SGConv was motivated by studying S4 as a pure convolutional model, which resulted in an alternative simple way to generate a long convolution kernel with a compressed parameterization.
It is not currently supported in this codebase, but should be straightforward to implement by adding another convolution kernel to [[/src/models/sequence/kernels/kernel.py](/src/models/sequence/kernels/kernel.py)].

The official repository is at [ctlllll/SGConv](https://github.com/ctlllll/SGConv).

### Mega (ICLR 2023)

> **Mega: Moving Average Equipped Gated Attention**\
> Xuezhe Ma, Chunting Zhou, Xiang Kong, Junxian He, Liangke Gui, Graham Neubig, Jonathan May, Luke Zettlemoyer\
> Paper: https://arxiv.org/abs/2209.10655

Mega introduces a simplification of S4 motivated to look like a vanilla exponential moving average (EMA).
This component is very similar to S4D in that it can be viewed as a diagonal SSM, with some differences in the parameterization (e.g. discretization and initialization).

In addition to the EMA, Mega introduces an efficient attention variant and a DNN block design that combines EMA with attention.

The main components of the [official Mega code release](https://github.com/facebookresearch/mega) has been largely ported to this repo in a modular way.
The drop-in alternative for S4(D) is `EMAKernel` at [[/src/models/sequence/kernels/kernel.py](/src/models/sequence/kernels/kernel.py)].
The Mega block is at [[/src/models/sequence/modules/megablock.py](/src/models/sequence/modules/megablock.py)], which is written as a more generic convolution + attention block that can accept any other type of long convolution kernel (e.g. with S4 instead of EMA).

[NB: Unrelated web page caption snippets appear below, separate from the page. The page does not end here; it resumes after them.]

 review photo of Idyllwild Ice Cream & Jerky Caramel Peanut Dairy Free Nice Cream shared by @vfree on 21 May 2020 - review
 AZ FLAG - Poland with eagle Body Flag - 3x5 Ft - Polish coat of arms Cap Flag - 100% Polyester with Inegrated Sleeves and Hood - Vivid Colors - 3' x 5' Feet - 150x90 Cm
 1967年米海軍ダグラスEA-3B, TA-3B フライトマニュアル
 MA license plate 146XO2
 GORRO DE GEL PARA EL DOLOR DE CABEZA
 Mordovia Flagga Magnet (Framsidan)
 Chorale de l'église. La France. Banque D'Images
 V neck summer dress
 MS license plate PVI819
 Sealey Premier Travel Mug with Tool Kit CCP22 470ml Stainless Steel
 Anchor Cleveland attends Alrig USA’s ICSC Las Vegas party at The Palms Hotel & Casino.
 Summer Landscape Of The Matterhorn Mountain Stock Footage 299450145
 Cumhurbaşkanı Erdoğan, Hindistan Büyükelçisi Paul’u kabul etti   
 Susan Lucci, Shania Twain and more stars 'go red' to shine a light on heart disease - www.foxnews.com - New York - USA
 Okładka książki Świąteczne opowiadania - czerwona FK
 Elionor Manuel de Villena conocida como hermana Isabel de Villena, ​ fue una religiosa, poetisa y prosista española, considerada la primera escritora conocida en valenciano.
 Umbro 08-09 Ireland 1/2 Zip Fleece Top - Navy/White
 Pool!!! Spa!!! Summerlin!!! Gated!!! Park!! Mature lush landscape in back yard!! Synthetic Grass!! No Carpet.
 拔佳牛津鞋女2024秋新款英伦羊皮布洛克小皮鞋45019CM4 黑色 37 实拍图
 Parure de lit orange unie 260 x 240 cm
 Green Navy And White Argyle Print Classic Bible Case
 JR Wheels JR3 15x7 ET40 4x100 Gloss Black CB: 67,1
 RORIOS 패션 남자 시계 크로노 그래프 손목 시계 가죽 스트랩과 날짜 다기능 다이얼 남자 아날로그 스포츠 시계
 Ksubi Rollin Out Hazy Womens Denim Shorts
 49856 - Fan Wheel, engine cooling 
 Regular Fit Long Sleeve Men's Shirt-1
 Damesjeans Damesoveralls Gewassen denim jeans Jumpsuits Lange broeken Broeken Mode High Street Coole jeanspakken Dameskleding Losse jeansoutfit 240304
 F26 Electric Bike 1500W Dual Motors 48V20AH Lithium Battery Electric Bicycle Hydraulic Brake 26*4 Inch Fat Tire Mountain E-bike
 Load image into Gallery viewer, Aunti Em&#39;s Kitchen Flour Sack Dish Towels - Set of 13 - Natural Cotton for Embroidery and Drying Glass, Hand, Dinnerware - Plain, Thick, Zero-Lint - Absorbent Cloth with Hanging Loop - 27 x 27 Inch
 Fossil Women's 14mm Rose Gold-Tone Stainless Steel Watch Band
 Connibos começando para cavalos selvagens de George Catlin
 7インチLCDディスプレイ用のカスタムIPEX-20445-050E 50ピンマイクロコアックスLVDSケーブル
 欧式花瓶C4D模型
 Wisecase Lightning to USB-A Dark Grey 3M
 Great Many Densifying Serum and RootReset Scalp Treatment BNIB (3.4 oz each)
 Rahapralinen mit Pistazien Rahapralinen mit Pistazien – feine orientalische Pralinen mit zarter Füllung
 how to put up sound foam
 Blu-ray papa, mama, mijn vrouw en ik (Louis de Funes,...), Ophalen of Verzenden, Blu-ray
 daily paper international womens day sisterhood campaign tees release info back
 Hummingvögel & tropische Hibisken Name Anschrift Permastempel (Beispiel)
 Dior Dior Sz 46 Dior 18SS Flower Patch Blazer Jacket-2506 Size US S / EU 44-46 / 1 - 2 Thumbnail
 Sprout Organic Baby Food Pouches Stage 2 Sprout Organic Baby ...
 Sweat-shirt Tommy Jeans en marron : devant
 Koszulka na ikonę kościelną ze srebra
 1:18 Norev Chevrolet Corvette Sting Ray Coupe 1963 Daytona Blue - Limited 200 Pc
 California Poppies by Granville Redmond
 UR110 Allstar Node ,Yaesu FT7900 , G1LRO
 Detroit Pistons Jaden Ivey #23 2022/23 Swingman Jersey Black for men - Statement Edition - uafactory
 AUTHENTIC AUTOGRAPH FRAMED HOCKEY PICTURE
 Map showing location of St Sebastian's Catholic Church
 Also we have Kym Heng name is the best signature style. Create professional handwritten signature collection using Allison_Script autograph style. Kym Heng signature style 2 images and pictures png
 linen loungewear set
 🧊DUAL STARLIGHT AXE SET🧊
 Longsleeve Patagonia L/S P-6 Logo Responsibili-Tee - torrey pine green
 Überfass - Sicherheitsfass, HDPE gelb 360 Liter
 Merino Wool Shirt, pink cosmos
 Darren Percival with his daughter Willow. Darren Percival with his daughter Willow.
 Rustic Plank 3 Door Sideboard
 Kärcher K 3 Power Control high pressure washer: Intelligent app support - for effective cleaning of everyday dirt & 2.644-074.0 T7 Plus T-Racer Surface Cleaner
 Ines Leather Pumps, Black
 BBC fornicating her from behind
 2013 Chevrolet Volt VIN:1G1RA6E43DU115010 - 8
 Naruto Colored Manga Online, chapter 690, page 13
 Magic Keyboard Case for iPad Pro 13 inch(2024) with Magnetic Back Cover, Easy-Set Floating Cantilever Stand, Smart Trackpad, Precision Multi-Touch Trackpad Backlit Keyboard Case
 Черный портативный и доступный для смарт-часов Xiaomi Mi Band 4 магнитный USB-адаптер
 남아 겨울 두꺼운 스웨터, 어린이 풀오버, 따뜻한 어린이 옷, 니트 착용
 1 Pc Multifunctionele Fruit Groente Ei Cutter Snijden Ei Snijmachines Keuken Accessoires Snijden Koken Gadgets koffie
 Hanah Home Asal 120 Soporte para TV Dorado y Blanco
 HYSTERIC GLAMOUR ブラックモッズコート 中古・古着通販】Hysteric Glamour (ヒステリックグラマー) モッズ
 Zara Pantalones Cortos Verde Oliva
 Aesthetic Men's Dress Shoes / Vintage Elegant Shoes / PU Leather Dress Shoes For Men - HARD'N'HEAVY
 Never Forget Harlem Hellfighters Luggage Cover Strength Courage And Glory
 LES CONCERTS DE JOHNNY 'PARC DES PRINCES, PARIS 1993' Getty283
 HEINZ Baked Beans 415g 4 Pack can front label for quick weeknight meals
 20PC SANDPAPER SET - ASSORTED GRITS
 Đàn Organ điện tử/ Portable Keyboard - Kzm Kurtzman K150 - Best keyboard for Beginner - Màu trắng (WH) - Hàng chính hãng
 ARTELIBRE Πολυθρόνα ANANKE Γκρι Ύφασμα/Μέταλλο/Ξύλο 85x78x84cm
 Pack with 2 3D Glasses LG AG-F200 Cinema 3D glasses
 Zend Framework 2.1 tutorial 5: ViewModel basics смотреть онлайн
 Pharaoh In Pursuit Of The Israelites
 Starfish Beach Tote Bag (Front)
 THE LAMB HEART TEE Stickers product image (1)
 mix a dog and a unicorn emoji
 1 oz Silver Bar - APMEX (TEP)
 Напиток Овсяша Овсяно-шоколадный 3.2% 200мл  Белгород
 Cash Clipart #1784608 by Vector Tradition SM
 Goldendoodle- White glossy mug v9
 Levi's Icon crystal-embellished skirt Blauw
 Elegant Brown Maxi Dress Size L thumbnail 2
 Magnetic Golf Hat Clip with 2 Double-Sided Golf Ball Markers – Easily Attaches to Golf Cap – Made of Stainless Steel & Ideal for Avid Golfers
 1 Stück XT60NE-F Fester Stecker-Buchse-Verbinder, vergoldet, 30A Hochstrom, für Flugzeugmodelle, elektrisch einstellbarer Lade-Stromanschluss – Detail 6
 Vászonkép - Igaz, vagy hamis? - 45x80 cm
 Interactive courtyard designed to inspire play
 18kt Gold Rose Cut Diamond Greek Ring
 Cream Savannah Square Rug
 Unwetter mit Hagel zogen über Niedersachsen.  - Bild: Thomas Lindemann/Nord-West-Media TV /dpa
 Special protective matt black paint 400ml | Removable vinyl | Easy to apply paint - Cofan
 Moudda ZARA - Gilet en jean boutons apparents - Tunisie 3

See [[/configs/experiment/mega/lra-image](/configs/experiment/mega/lra-image)] for more details of the implementation and a subset of ablations on EMA vs S4 kernels.


### Liquid S4 (ICLR 2023)

> **Liquid Structural State-Space Models**\
> Ramin Hasani, Mathias Lechner, Tsun-Hsuan Wang, Makram Chahine, Alexander Amini, Daniela Rus\
> Paper: https://arxiv.org/abs/2209.12951

Liquid S4 introduces an extension of the original (DPLR) S4 model with ideas from [liquid time-constant networks](https://arxiv.org/abs/2006.04439).
This model is not supported in this codebase, but the official repository for Liquid S4 was forked around v2 and updated for v3: https://github.com/raminmh/liquid-s4

### H3 (ICLR 2023)

> Hungry Hungry Hippos: Towards Language Modeling with State Space Models\
> Tri Dao, Daniel Y. Fu, Khaled K. Saab, Armin W. Thomas, Atri Rudra, Christopher Ré\
> Paper: https://arxiv.org/abs/2212.14052

H3 is an architecture built around SSMs designed for language modeling. The core module is a black box application of a linear S4(D) layer, and H3 also introduces a shift SSM which is very similar to a vanilla (separable) local convolution.
It also provides a more efficient CUDA implementation of FFT convolution combined with the state-passing feature of S4.

The official H3 implementation is at [HazyResearch/H3](https://github.com/HazyResearch/H3).
It is currently not supported in this repository, but there are plans to add a module for the block and port in the faster FlashConv implementation of FFT convolution.